WHAT TO WORK ON — Give the data again word for word; drop the pictures.

DATASET CONTENT —
=======

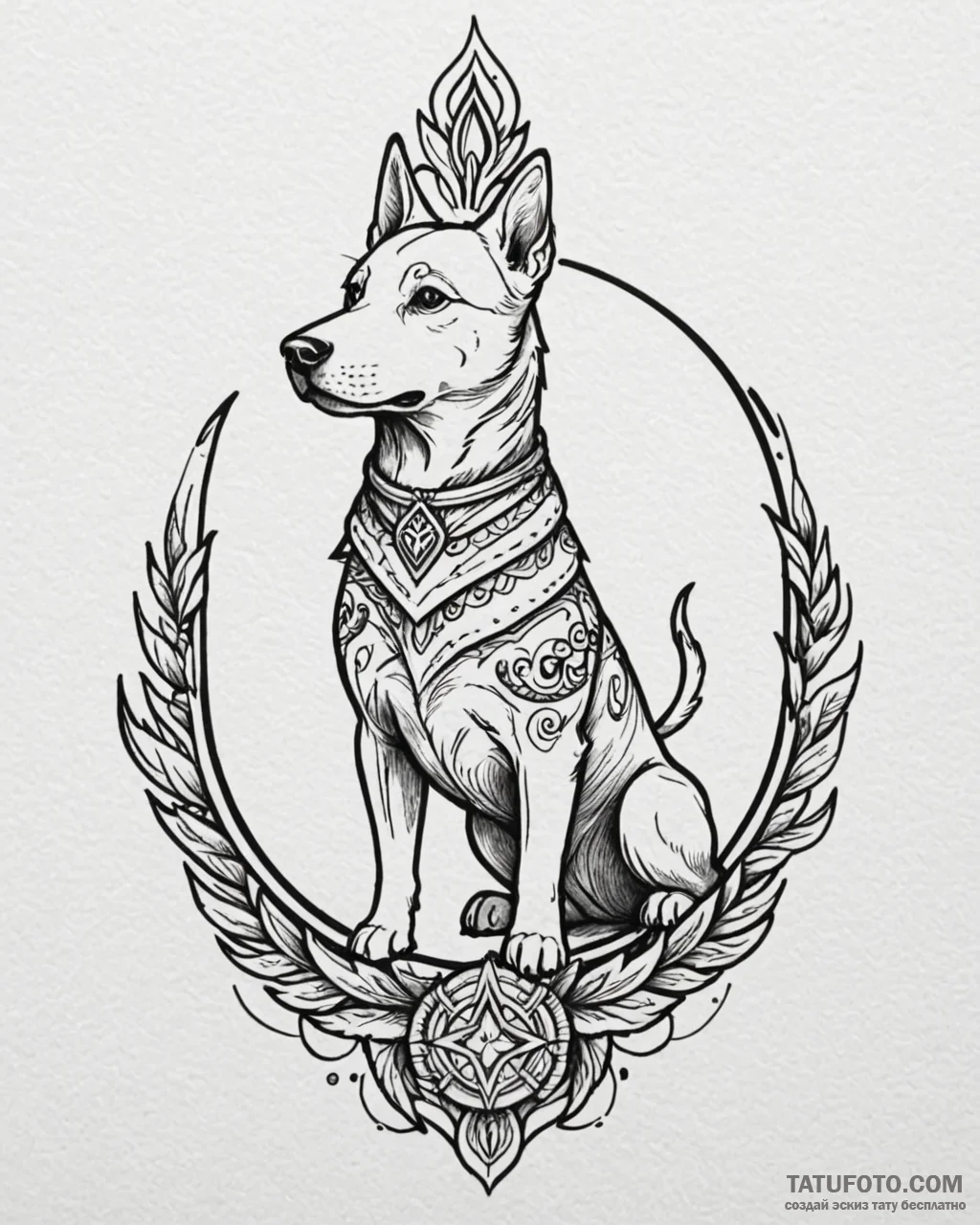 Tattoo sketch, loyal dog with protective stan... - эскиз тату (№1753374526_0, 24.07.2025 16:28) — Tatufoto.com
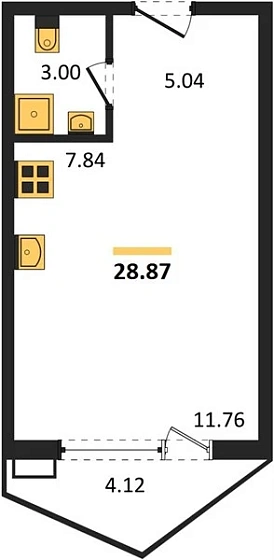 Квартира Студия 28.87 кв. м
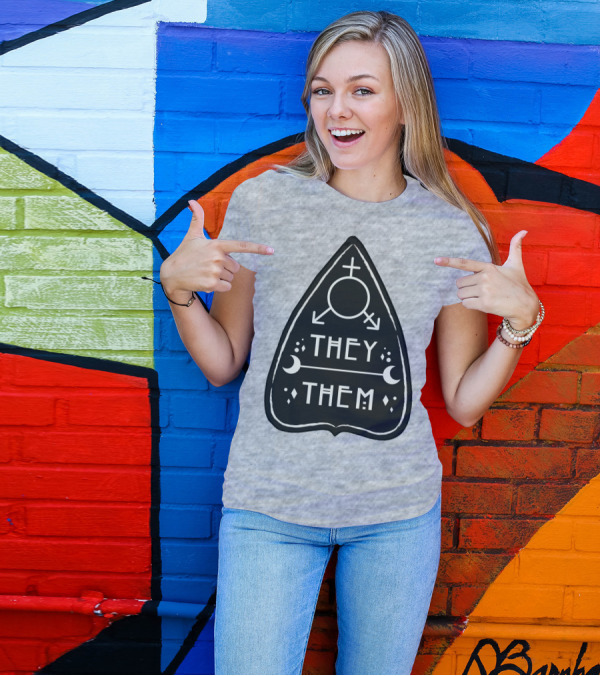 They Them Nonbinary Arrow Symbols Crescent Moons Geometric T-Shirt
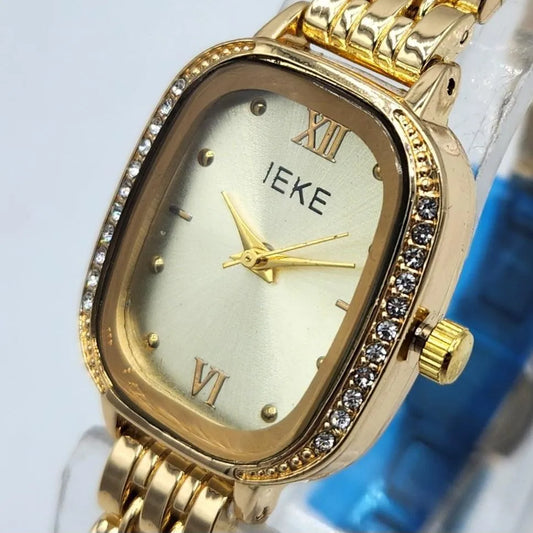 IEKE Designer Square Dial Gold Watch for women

=======

TASK OUTPUT —
 Tattoo sketch, loyal dog with protective stan... - эскиз тату (№1753374526_0, 24.07.2025 16:28) — Tatufoto.com
 Квартира Студия 28.87 кв. м
 They Them Nonbinary Arrow Symbols Crescent Moons Geometric T-Shirt
 IEKE Designer Square Dial Gold Watch for women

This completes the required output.